Like many steamed Chinese dumplings, these apply a "scalded dough" (tang mian) made by calculation wheat flour to boiling h2o. The boiling water tames the elasticity of the flour's gluten, giving the dumplings a delightfully huggy texture. The dough is easy to gyre and wrap, and doesn't stick to an oiled steamer. Borrowing from English language cookery, I've cut some pork belly into the pheasant filling to make information technology rich and unctuous (the pork peel, removed before serving, gives it a gentle set, which is essential). Veering back in a Chinese direction, I recommend serving the jiaozi with brown rice vinegar, although y'all tin use chilli sauce if you adopt.

In some places, Chinese people hide a coin in the stuffing, which is supposed to bring good luck. Should anyone stumble across a stray piece of shot, you could pretend it ways the same affair.

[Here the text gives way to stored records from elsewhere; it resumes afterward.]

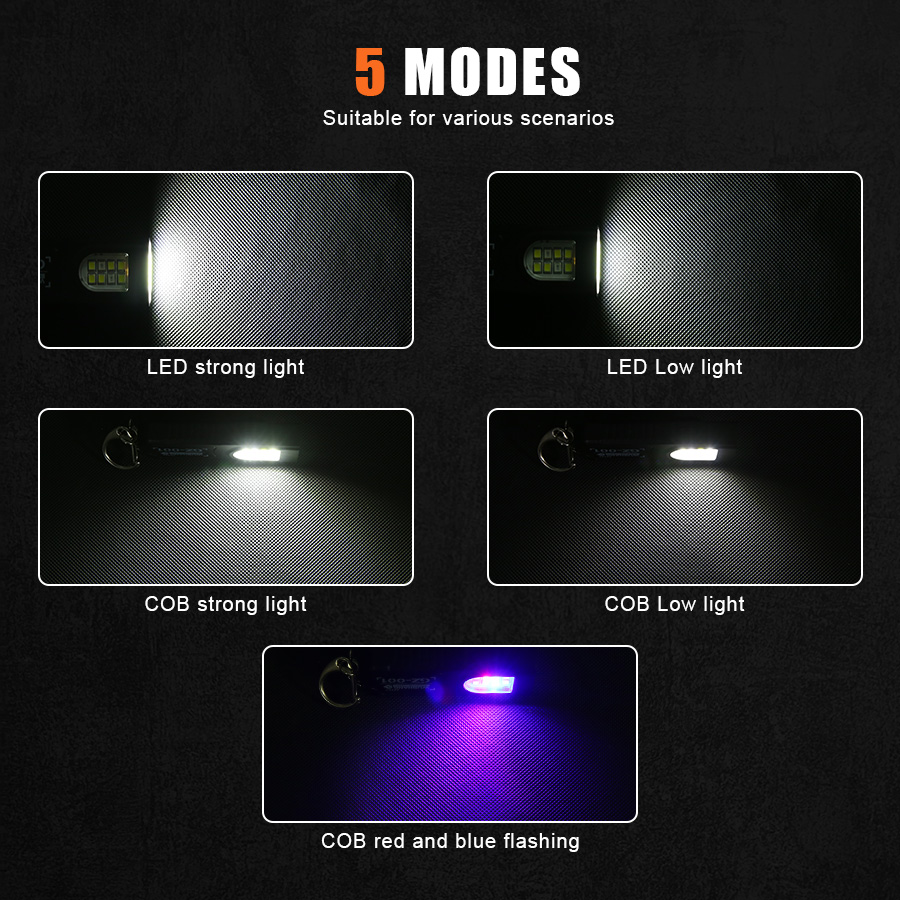 Multifunctional Keychain Flash – Fishing Light recenzja i cena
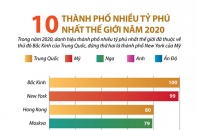 [Infographic] Top 10 thành phố nhiều tỷ phú nhất thế giới năm 2020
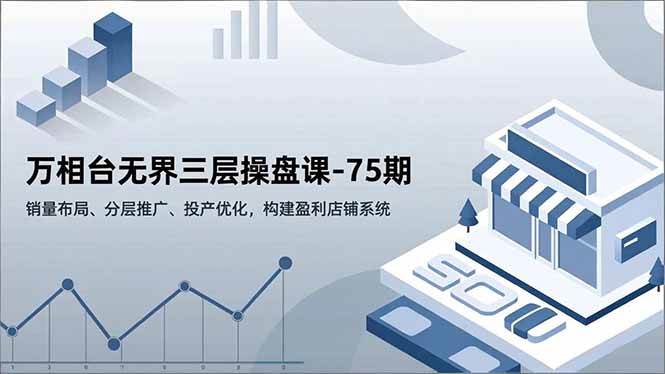 （16769期）万相台无界三层操盘课-75期，销量布局、分层推广、投产优化，构建盈利店铺系统-研习库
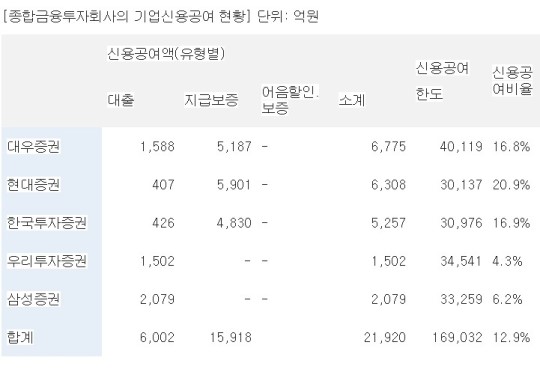 (2014국감)민병두 IB 5개사 기업신용공여 저조해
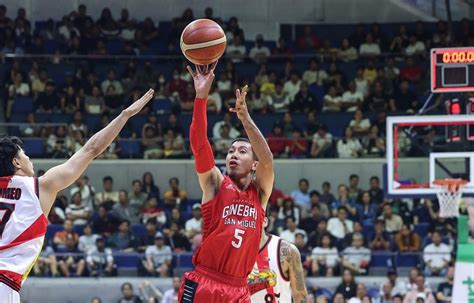 LA Tenorio appointed head coach of Gilas Pilipinas Youth basketball ...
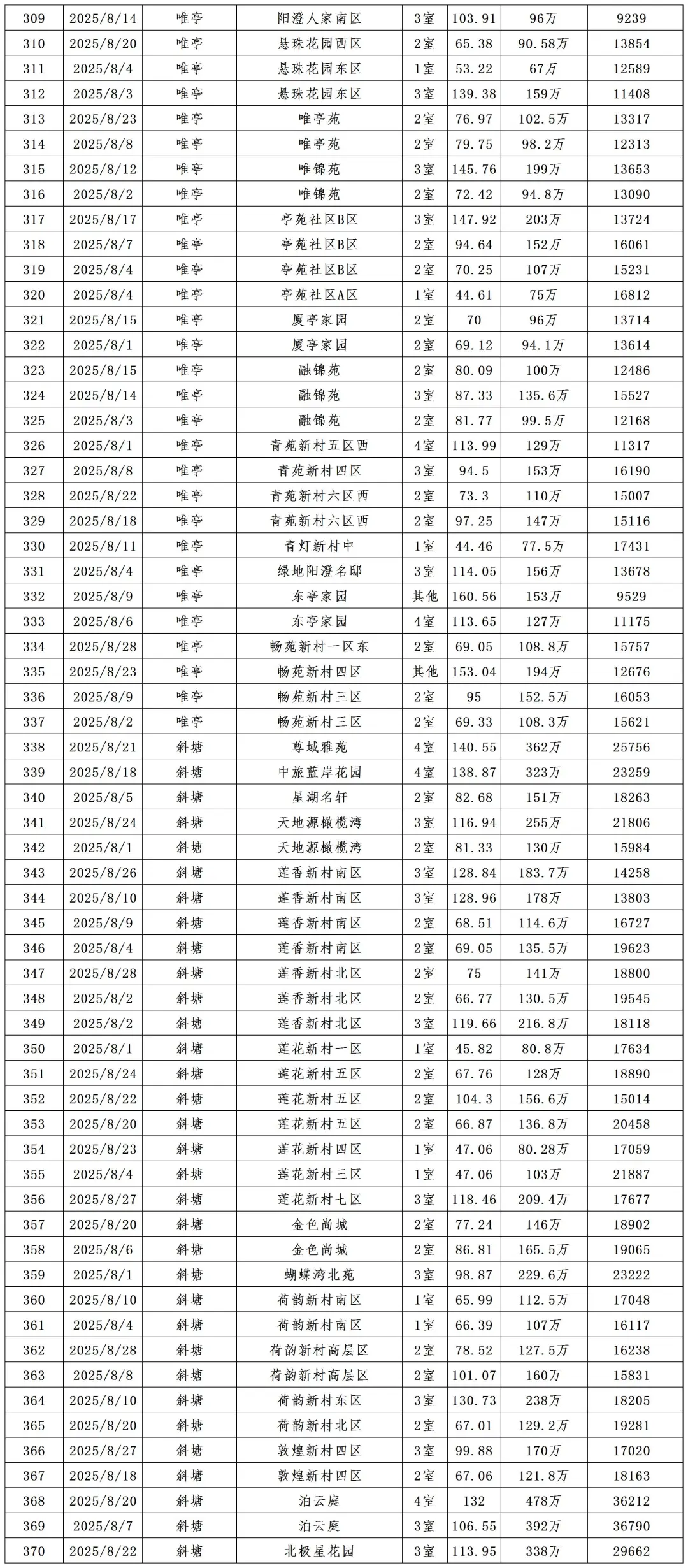 2025年8月份1-28号苏州园区二手房成交分析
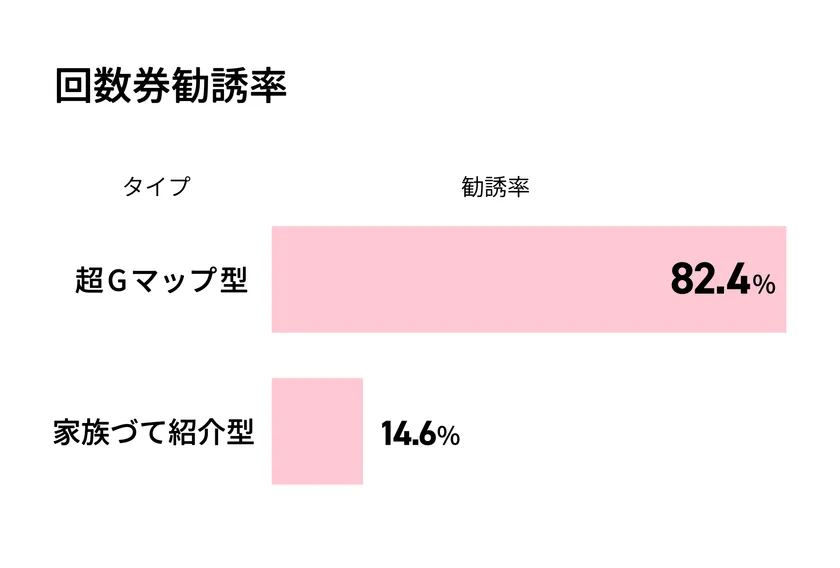 グラフ:回数券勧誘率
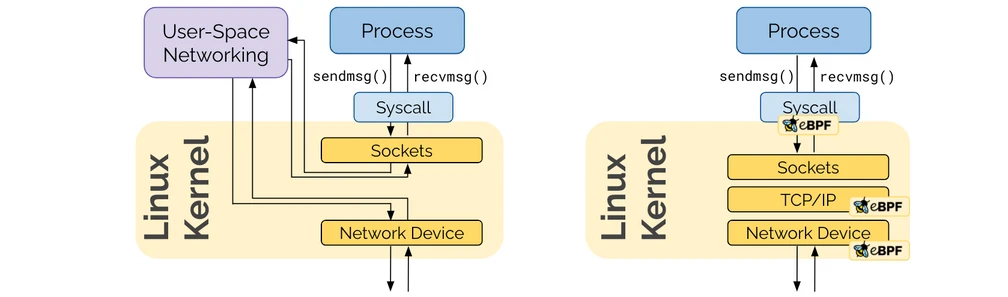 [https://cilium.io/blog/2020/11/10/ebpf-future-of-networking/](https://cilium.io/blog/2020/11/10/ebpf-future-of-networking/)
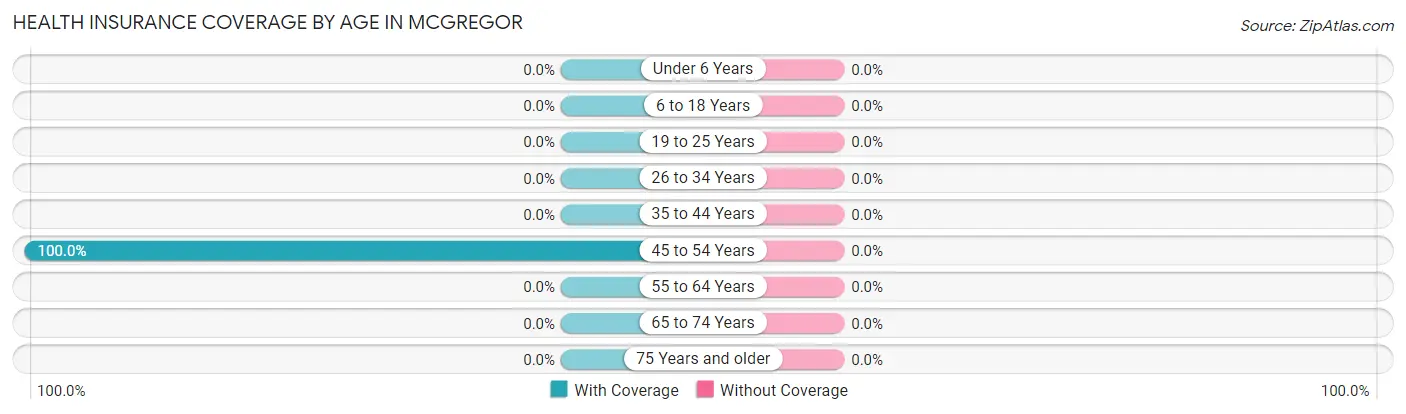 Health Insurance Coverage by Age in Mcgregor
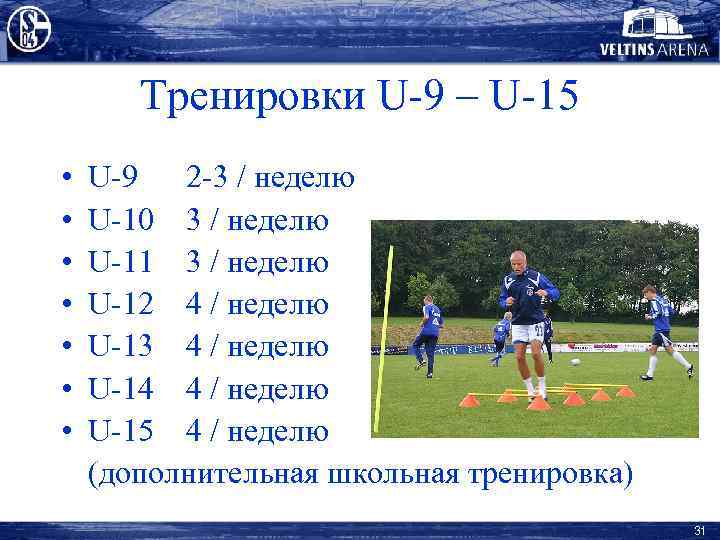 Тренировки U-9 – U-15 • • U-9 2 -3 / неделю U-10 3 /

Fuchsia Dunlop's most contempo book is 'Every Grain of Rice: Simple Chinese Dwelling Cooking'

Anglo-Chinese pheasant dumplings

Makes virtually 30 dumplings.

Brand the stuffing

  1. Joint the pheasant (ask your butcher or watch a video online if you're not sure how). Slice the skin from the belly pork and reserve. Lay the pork on a board and cut across the layers of flesh and fat into 1cm slices, so into 1cm strips.
  2. Fine-chop the onion and leek and cut the carrot into very small dice. Bring a kettleful of water to the boil. Estrus ii tbs oil in a frying pan. Add together the chopped vegetables and fry over a medium rut until beginning to colour, stirring occasionally. Transfer into a saucepan large enough to incorporate all the ingredients.
  3. Wipe the frying pan. Return it to a high heat with some other i tbs oil and fry the abdomen pork until tinged with gilt. Transfer the pork to the bucket, leaving every bit much oil as possible behind. Brown the pheasant in the frying pan, calculation ane tbs oil if yous need it, so transfer to the saucepan. Deglaze the frying pan with the wine and pour the juices into the saucepan.
  4. Add the bay leaves and plenty hot h2o to embrace the ingredients (about 700ml). Bring to the eddy and flavor. And then half cover, turn the heat down low and simmer for one½-2 hours, until the birds are tender. Taste again for salt (bearing in listen that the wrappers are unsalted).
  5. Remove and discard the bay leaves and pork skin. Strain the liquid into some other container and skim off as much oil equally possible. Remove the pheasant pieces from the pan. When cool enough to handle, extract and discard bones and cartilage, along with any shot. Cut the meat into 1cm dice. Return to the pot, along with the skimmed liquid. Mix well. Get out to cool and then chill overnight to prepare.

Make the wrappers

  1. Mix the flours in a bowl. Bring 350ml water to the eddy in a deep bucket. Turn off the heat, tip in about four-fifths of the flours and stir briskly with a wooden spoon until the mixture forms soft clumps. When cool enough to handle, dust a work surface with some of the extra flour, shape the clumps into a ball of dough and knead until polish, adding more extra flour if necessary — you desire a soft dough that does not stick to your hands. Cover with a moisture tea towel if not using immediately.
  2. Accept a fist-sized piece of dough and whorl into a sausage 2.5cm thick. Cut or break off walnut-sized pieces (about 20g). Dust lightly with flour, then stand each piece, cut-sized up, on the surface and flatten to a disc with the palm of your paw. Repeat with the rest of the dough.

Gather the dumplings

  1. Roll each disc into a circle about 9cm in bore. The Chinese way is to utilise a narrow rolling pin and rotate the disc equally y'all roll inwards from its edge, taking care not to roll over the centre of the disc.
  2. Place about one tbs (20g) stuffing in the centre of a disc and pinch the edges together to form a dumpling. Echo. Lightly oil a steamer handbasket and lay the dumplings in well-spaced rows. Cover and steam over high oestrus for well-nigh 10 minutes. Serve immediately with Chinkiang vinegar or chilli sauce for dipping. The uncooked dumplings tin can likewise be frozen and steamed directly from the freezer (cooking time almost 12 minutes).